See the world through the eyes of an economist.
High-risk lending remains low
The share of lending going to loans with a debt to income ratio over 6x remains low by historical standards. Show this to people who are waiting for the market to ‘crash’. There’s little risk in the system.

Inflation getting too ‘slow’ for comfort now
The monthly inflation data – which isn’t the entire picture so should only be used as a guide to the ‘actual’ quarterly numbers – surprised to the downside in May. The year-ended trimmed mean measure fell a substantial 0.4 percentage points to 2.4%. That’s under the RBA’s forecasts, and below the mid-point of their target band. That equals rate cuts.

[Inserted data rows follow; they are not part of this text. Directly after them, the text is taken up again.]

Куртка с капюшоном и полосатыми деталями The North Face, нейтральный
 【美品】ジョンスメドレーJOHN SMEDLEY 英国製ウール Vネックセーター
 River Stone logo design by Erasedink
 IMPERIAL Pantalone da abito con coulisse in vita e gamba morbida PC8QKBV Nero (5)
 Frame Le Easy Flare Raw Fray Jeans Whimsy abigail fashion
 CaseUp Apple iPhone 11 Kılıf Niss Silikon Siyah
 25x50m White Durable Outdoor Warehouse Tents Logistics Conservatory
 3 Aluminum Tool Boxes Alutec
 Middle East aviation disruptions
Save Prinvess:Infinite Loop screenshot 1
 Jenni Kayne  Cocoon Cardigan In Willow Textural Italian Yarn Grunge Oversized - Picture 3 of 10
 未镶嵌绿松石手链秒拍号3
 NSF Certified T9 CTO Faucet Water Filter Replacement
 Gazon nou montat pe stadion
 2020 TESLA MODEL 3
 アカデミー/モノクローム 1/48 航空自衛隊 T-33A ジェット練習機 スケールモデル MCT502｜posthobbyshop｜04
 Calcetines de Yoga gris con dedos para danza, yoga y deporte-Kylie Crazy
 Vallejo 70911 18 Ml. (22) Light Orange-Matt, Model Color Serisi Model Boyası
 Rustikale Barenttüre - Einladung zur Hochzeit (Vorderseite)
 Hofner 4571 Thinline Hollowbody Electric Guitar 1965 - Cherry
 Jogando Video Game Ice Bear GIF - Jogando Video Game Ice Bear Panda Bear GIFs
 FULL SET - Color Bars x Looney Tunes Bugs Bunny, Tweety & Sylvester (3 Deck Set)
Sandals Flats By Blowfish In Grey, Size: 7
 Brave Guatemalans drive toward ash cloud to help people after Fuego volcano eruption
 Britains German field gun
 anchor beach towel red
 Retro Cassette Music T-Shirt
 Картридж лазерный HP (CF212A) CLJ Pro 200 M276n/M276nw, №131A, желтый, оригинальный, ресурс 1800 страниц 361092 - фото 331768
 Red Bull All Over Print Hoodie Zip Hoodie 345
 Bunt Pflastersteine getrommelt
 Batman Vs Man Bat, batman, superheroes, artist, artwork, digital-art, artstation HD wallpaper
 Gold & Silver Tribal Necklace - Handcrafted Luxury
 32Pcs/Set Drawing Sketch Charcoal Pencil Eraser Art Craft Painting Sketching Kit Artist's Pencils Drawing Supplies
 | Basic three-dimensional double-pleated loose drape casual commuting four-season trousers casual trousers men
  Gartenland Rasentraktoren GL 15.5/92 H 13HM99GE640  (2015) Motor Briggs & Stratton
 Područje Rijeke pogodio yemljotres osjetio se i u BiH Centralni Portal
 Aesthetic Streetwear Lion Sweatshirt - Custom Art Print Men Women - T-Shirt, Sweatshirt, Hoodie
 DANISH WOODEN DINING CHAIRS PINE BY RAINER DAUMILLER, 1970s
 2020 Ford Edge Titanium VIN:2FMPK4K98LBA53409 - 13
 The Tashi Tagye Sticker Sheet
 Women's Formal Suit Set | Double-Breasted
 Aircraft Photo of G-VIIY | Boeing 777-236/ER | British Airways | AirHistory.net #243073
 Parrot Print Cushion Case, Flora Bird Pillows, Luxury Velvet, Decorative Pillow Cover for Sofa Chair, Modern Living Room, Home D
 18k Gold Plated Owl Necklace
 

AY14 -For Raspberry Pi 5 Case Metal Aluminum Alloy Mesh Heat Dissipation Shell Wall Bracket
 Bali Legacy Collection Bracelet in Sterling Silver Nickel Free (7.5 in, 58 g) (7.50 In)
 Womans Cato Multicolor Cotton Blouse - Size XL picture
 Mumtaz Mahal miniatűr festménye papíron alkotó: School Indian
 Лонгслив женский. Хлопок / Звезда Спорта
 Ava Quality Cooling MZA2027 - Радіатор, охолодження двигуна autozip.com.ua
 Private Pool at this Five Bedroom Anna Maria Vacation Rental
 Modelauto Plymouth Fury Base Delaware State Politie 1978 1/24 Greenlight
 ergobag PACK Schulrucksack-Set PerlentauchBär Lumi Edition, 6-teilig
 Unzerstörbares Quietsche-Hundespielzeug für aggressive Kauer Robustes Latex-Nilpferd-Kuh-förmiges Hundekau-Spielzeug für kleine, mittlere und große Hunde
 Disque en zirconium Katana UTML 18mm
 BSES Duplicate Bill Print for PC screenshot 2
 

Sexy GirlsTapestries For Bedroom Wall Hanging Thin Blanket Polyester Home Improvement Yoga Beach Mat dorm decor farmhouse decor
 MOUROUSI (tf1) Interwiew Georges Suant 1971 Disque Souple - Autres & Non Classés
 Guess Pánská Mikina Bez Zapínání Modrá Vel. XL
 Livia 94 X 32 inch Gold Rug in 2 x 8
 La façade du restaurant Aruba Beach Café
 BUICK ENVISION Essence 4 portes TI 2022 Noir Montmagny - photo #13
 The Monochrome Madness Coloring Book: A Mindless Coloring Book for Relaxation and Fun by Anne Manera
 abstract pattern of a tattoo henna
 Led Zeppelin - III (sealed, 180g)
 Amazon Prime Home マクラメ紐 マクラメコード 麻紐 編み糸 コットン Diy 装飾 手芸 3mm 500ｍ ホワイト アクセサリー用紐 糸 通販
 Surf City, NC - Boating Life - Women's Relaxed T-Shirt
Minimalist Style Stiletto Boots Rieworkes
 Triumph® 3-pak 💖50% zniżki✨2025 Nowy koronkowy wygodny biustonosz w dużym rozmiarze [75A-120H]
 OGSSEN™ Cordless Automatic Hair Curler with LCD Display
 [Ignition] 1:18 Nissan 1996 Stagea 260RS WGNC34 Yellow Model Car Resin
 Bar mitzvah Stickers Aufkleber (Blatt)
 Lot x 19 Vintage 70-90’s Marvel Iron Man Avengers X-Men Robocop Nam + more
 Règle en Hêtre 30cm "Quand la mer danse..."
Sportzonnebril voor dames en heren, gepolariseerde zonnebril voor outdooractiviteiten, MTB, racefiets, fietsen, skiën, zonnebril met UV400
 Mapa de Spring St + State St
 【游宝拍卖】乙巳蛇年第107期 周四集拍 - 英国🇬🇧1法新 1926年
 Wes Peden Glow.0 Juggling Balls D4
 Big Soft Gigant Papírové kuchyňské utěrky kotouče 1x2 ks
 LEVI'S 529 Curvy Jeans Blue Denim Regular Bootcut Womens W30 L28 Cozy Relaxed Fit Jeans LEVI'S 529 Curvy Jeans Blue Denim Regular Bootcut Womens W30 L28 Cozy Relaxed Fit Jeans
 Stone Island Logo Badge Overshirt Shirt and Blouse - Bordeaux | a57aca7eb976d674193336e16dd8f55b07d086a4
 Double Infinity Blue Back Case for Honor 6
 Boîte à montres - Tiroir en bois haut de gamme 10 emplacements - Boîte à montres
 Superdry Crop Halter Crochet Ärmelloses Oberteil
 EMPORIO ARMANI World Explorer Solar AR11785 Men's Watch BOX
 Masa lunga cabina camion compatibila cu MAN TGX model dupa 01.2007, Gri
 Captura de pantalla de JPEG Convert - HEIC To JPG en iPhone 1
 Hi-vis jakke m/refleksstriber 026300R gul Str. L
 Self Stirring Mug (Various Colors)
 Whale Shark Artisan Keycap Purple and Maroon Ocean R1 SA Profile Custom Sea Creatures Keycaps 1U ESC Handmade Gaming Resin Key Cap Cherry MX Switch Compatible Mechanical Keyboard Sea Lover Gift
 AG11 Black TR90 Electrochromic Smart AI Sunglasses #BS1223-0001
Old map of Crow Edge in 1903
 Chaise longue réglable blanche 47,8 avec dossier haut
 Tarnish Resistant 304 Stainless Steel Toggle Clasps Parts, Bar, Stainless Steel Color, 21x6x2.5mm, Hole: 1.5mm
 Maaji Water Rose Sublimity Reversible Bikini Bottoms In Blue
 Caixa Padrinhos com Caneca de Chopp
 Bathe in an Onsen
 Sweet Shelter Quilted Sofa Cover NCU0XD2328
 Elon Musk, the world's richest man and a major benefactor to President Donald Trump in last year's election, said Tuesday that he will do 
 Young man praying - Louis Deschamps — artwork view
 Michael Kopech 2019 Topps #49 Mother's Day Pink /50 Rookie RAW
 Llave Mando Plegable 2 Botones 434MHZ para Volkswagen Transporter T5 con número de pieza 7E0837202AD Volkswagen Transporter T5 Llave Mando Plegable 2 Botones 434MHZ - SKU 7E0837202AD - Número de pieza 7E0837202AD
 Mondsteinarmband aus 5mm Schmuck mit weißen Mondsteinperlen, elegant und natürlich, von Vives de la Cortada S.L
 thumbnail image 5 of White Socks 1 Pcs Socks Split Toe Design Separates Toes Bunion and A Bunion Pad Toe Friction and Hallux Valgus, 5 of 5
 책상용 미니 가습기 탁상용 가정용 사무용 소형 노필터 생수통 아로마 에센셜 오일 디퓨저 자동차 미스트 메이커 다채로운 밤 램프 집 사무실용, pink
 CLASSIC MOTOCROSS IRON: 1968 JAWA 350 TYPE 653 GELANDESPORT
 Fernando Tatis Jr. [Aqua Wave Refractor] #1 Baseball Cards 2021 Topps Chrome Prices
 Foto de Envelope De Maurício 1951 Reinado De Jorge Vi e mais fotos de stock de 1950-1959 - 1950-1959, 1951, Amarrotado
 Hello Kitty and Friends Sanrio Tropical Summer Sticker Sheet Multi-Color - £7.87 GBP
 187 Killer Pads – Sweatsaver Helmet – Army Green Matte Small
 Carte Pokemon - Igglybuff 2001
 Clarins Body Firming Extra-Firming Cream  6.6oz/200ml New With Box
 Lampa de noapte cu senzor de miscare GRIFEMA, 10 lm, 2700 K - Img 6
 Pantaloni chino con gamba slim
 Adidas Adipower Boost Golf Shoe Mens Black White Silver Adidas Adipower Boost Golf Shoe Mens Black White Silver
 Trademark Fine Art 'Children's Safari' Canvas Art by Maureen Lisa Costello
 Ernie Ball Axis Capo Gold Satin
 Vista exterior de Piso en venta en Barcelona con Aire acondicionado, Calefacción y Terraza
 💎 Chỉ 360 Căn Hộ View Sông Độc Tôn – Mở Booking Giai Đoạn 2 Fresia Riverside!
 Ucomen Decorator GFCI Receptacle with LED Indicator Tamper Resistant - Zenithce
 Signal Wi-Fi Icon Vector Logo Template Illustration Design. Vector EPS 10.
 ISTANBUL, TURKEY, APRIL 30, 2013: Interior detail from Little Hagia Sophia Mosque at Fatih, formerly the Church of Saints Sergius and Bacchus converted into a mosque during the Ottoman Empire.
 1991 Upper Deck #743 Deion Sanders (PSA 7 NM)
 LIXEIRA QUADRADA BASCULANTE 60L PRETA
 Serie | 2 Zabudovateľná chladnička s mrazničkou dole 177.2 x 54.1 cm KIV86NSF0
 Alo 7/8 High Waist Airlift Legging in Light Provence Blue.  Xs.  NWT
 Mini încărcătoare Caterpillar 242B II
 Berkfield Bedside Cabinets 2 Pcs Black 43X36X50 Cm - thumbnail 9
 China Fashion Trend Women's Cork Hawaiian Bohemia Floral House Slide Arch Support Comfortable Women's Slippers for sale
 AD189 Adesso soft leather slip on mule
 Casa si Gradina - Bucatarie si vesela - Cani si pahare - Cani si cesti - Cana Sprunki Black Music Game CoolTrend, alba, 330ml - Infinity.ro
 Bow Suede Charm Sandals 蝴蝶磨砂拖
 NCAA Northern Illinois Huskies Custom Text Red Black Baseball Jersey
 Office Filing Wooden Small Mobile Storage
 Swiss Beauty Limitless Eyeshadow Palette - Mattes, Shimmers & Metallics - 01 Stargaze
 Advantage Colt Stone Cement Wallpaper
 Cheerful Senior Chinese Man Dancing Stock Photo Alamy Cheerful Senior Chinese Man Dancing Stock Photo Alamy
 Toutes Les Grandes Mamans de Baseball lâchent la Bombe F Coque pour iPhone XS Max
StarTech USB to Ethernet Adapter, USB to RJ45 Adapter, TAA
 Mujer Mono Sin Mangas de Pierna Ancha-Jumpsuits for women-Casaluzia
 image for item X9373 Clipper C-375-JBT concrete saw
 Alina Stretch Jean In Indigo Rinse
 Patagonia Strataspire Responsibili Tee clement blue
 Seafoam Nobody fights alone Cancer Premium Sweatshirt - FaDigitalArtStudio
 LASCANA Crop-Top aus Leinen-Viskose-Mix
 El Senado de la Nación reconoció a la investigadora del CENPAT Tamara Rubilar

Infrastructure still piling up
Engineering work done and in the pipeline looks like it is peaking, but remains at very high levels. A lot of this is transport infrastructure, which has big implications for the property markets that stand to benefit.

Dole numbers creeping up
While the official unemployment rate is steady, the number of people on Jobseeker is steadily creeping up. The labour market isn’t as strong as it seems. Equals rate cuts.

But globe is happy
But internationally, things are looking better (wars aside). The number of positive data surprises is above average, while the number of inflation data surprises is below average. Things are a little better than economists predicted.

Coffees are going to $12 each
Finally, some in the industry reckon this is the new break even point for a cappuccino. Whether people will pay it is another question. But what is definitely true is that coffee bean inflation has been running well ahead of CPI inflation for the past ten years, and is only getting worse.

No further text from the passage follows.